MALAWI – The Malawi Bureau of Standards (MBS) has marked 50 years of promoting standardization and quality assurance in Malawi under the theme “MBS – Partner for Industrialization”. 

A parade was conducted as part of the festivities from Blantyre’s old town to Kamuzu College of Health Sciences, where several events were held.

Speaking at the occasion, the Bureau’s Acting Director General, Mr. Thomas Senganimalunje, emphasized a number of accomplishments since its founding in 1972.

“It should be noted that when the MBS was established in 1972, it was only testing pesticide residues in tobacco samples destined for exports.

“We can provide a lot of services from standards development to conformity assessment, where testing of food and non-food products, verification and calibration of weighing and measuring instruments and also the certification of locally produced imported and exported products and services are done,” he said.

The bureau claims that over the past 50 years, it has helped to produce more than 1,800 Malawi Standards and built the capacity to evaluate more than 70 000 samples annually while fulfilling national and international standards.

Rex Moyo, the Acting Director General, told the media in Blantyre that they anticipate expanding their scope of accreditation with the completion of their K18.3 billion (U.S$17,875,606.53) office complex, which would include state-of-the-art laboratory equipment.

“In our current premises, we have had challenges going for accreditation in more scopes as our laboratory is not purpose-built. As we move to the new premises, which have a controlled environment, we expect the results of [our] accreditation to be accepted worldwide,” he said.

He said that the MBS would keep educating small- and medium-sized company owners about the value of adhering to Malawian standards.

“Most of our people are employed in the informal sector.
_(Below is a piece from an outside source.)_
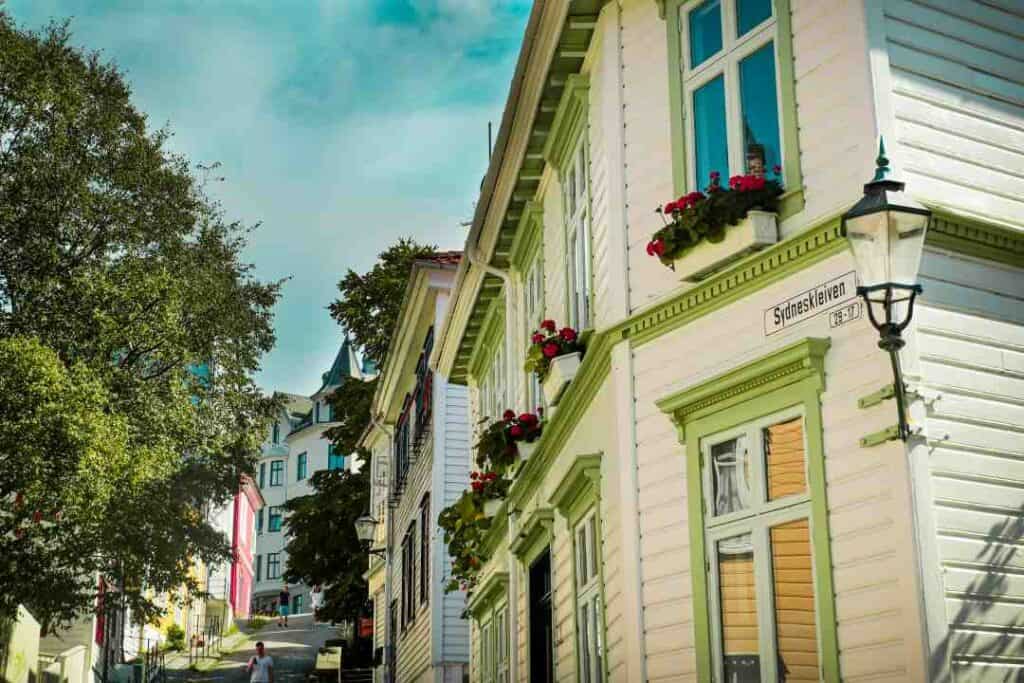 Classic white wooden houses with ornate details and flowers outside the windows in Bergen town, Norway, on a bright sunny summer day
We do realize that people have the capacity to produce but do not have an understanding of standards. As such we decided to train them to be knowledgeable about standards,” said Moyo.
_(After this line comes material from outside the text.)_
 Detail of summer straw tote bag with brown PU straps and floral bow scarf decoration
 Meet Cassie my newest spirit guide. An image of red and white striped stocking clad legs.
Small and medium-sized businesses, in Moyo’s opinion, can export their goods outside of Malawi and thereby bring in foreign currency.

The Board Chairperson, Mr. Davlin M.D. Chokazinga thanked the Malawian government and development partners including the European Union (EU), Norwegian Agency for Development Cooperation (NORAD), United Nations Development Program (UNDP), United Nations Industrial Development Organization (UNIDO), International Atomic Energy Agency (IAEA), and World Bank for their technical and financial support that allowed the Bureau to reach its current state.

“This celebration is indeed of greater public importance and it provides an opportunity for us to reflect on where we are coming from and where we are going,” he said.

Among other things, the MBS honored the winners of this year’s African Organisation for Standardization (ARSO) Essay Competition as well as long-tenured employees who have worked for the bureau for more than 25 years.